In 1990, Madonna brought "Voguing"an exaggerated dance style started in the underground ballroom scene in Harlem—to the mainstream with her mega-hit "Vogue," a song that celebrates fantasy and escapism and beauty. Madonna hired dancers she had seen out in the New York club scene, and suddenly, that secret underground world of drag clubs and "Harlem ballroom" was on display at the MTV Awards and in the David Fincher-directed video of the song. That same year, "Paris is Burning," Jennie Livingston's documentary about the Harlem dance club and drag scene, won the Grand Jury Prize at Sundance. If anyone wondered where Madonna heard about "voguing," the documentary was the answer. Now, 26 years later, comes Sara Jordenö’s "Kiki," another deep dive into the same scene. It's an intimate look at a marginalized community, many of whom rely on the various neighborhood clubs for support systems that don't exist anywhere else. The so-called "Kiki" scene is not just about the various competitive dance club contests. The scene provides a social structure, a "net," for kids who have nowhere else to go.

Jordenö, a Swedish filmmaker, collaborated on the film with LGBTQ activist Twiggy Pucci Garcon (he gets a co-writing credit). Twiggy is a highly visible member of the ballroom scene, and his involvement was crucial in terms of providing Jordenö access to a community that is highly protective (with good reason) of its members.

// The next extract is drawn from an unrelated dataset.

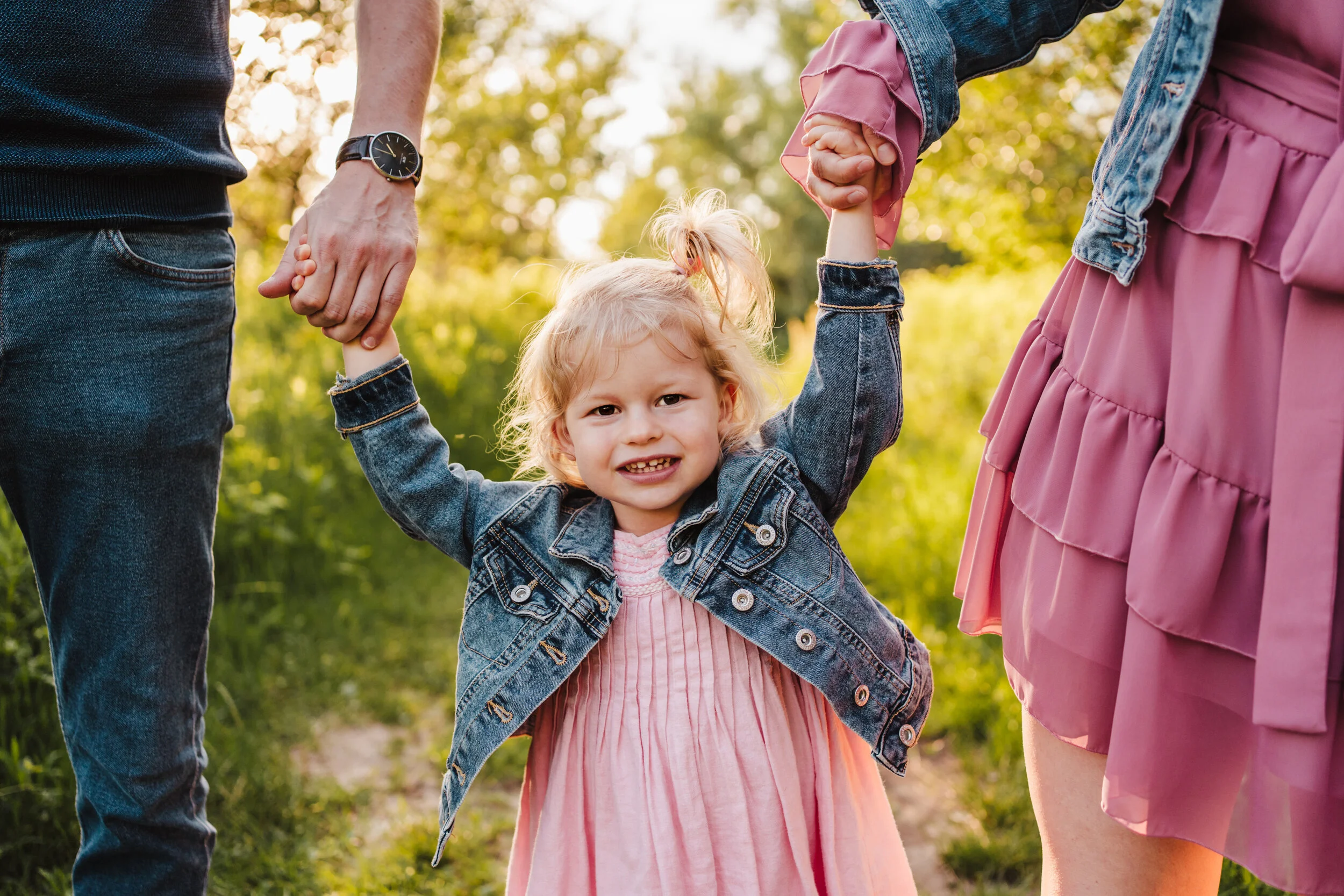 dziewczynka trzyma rodziców za ręce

The documentary has a high-energy and full-immersion style that thrusts you into the center of the various "houses" connected to the scene. Each "house" has a team that competes in the dance competitions. The dance competitors are mostly queer and trans people of color, and "Kiki" introduces you to many of them. "Kiki," with all of its group scenes (kids Voguing on the Chelsea piersa common hangout, the raucous competitions themselves), is really a character-driven narrative.

While there are similarities in many of their stories, each journey is different. Many of the young adults profiled have been kicked out of the house for being trans, queer, or just gender-nonconforming. They have gravitated towards one another, and immersed themselves in a culture that is nonjudgmental, open, and caring. They take care of each other. They crash on each other's couches. They have each other's collective backs. "Paris is Burning" highlighted the struggles of queer kids in the Reagan/Bush era, and "Kiki" shows the anxiety of the scene at the tail-end of the Obama years. Many of these people depend on federal funding. They are among the most vulnerable members of our society. They already experience an onslaught of harassment from family, peers, police. Many of them have fallen into addiction or sex work. There are support groups sponsored by each house, where people can talk openly about these issues.

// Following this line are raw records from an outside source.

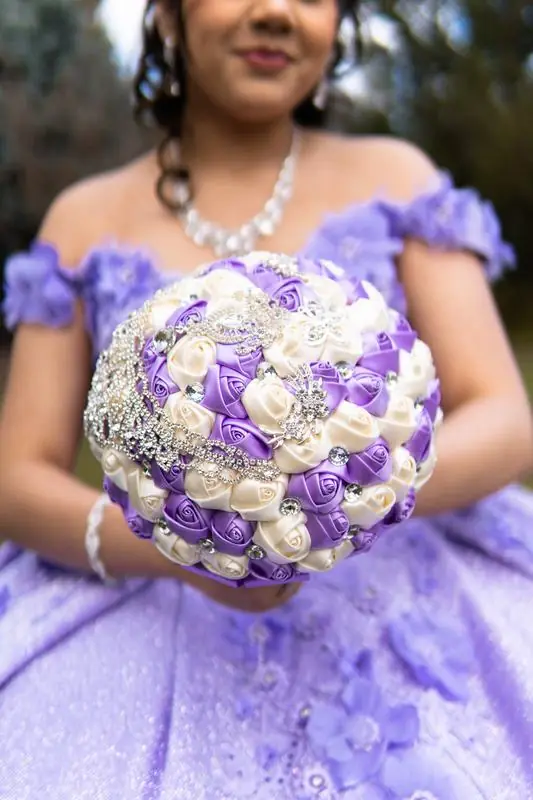 Young woman in a purple dress holding a bouquet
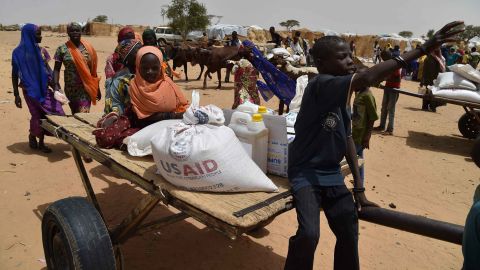 Displaced people fleeing from Boko Haram incursions into Niger attend a World Food Programme (WFP) and USAID food distribution at the Asanga refugee camp near Diffa on June 16, 2016.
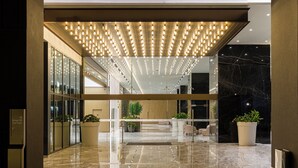 Una hall moderna con pavimento in marmo lucido, ingresso in vetro e soffitto illuminato da faretti lineari.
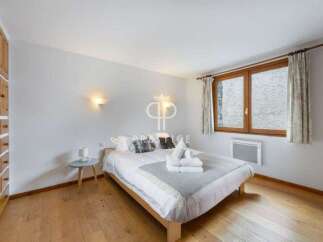 Discover a cozy bedroom with a comfortable bed, perfect for relaxation.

Twiggy is one of our main ways "in" to this closed scene, and you see him running warm-ups for rehearsals, and keeping everyone in line, reminding them of the stakes in the competitions. He is an activist, working for the homeless LGBT youths in his community, helping to provide structures of support and relief. Gia Marie Love emerges as the star of the film, however: a trans woman who has transformed herself from a bullied youth into a leader in her community. Watching her run a support group, it's not hard to understand why she was a debate club champion in high school. There's the soft-spoken Divo, kicked out of the house by his mother, who was—as he admits freely—saved by the ballroom scene.

One thing "Kiki" does really well is show how these dance competitions are an organizational structure for kids who might otherwise slip through the cracks. Everyone makes their own costumes, which are fantastical and outrageous. Taking place in school gyms and community halls, it's a safe space where people can let loose and express themselves, with no fear of harassment or rejection. This is a scene that takes care of its own. In many cases, it's literally life or death.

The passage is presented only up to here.